Sunday, June 30, 2019

Fear


It's curious how we fear clowns. After all, the official origins of the clown are not steeped in horror. In Greek plays, the clown character represented peasants or other poor people, badly dressed and bumbling. He existed to give a moment of humor to an otherwise serious play. The clown character was used to ease tension, not cause it. This evolved to other stage productions as drama spread throughout Europe. In the Harlequinade, Clown was the bumbling foil to the more sophisticated Harlequin character. Still funny. Still viewed as mostly powerless. What changed?

Perhaps it's just an aspect of our collective apprehension. We often, as a culture, understand what to fear. There are things we just grasp. We fear abandoned factories and no one ever told us they were scary. With clowns, it is how and what they have evolved into that sends shivers through us. At any given circus, a whole gaggle of clowns will emerge from a car too small to hold any of them. We're told they can do this due to contortion and sleight of hand tricks, but part of our brains wonders if there is more to it. We watch rodeo clowns stumble around and keep bulls and wild horses from hurting fallen riders. These clowns brave injury and potential death. Perhaps they have nothing to fear from it?

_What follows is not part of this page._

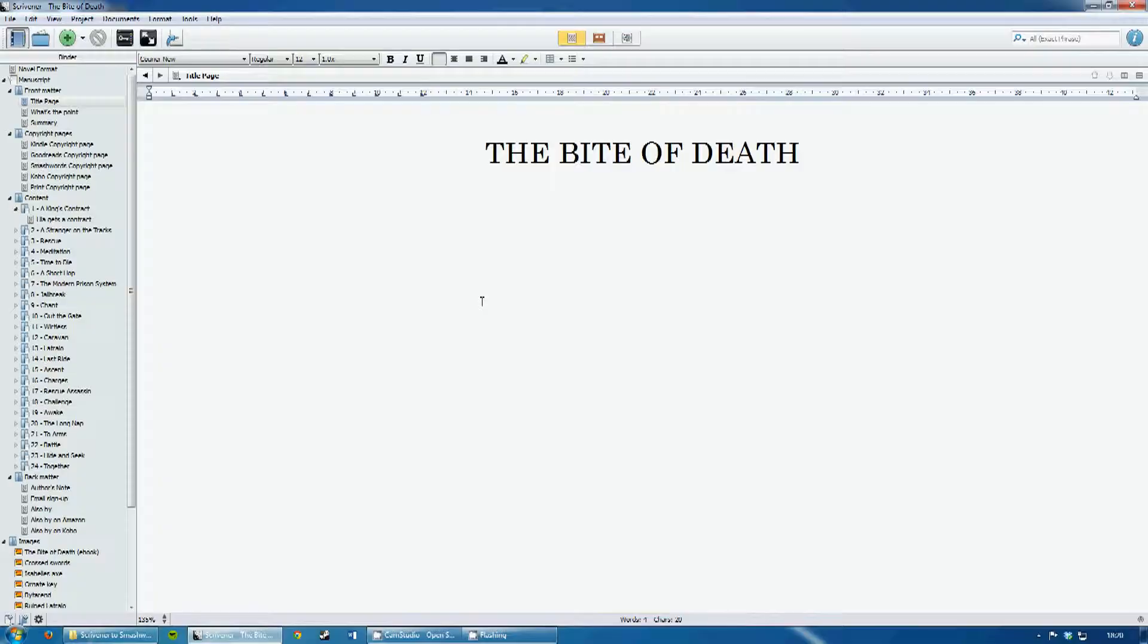Hi there, I'm Simon Canton, and this is how to output a file from Scrivener on the PC in a format that Smashwords should accept without any auto-vetter errors.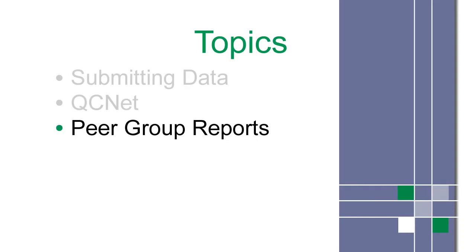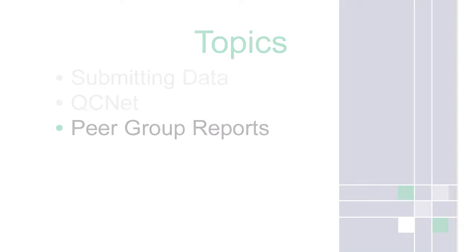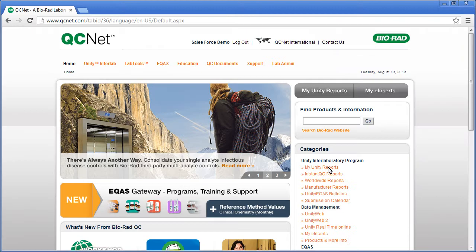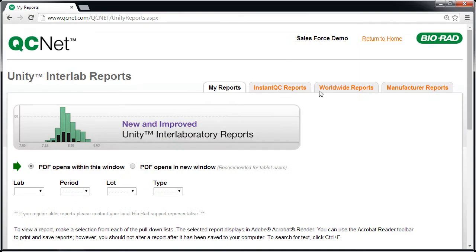Now that we're logged on, let's access peer group reports. Click My Unity Reports. This is the My Reports page.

Instead of presenting themselves as the bumbler or the uneducated peasant, today's clowns seem to have a sinister comprehension of things beyond our common knowledge. It's as if applying the greasepaint evokes something else in the wearer, something darker. Or maybe we just know we all deserve it. For centuries, the poor, the broken, and the freakish have been persecuted by the normal and acceptable. Maybe donning the visage as Clown opened a much-needed door to something menacing and through it marched a vengeance the world deserved.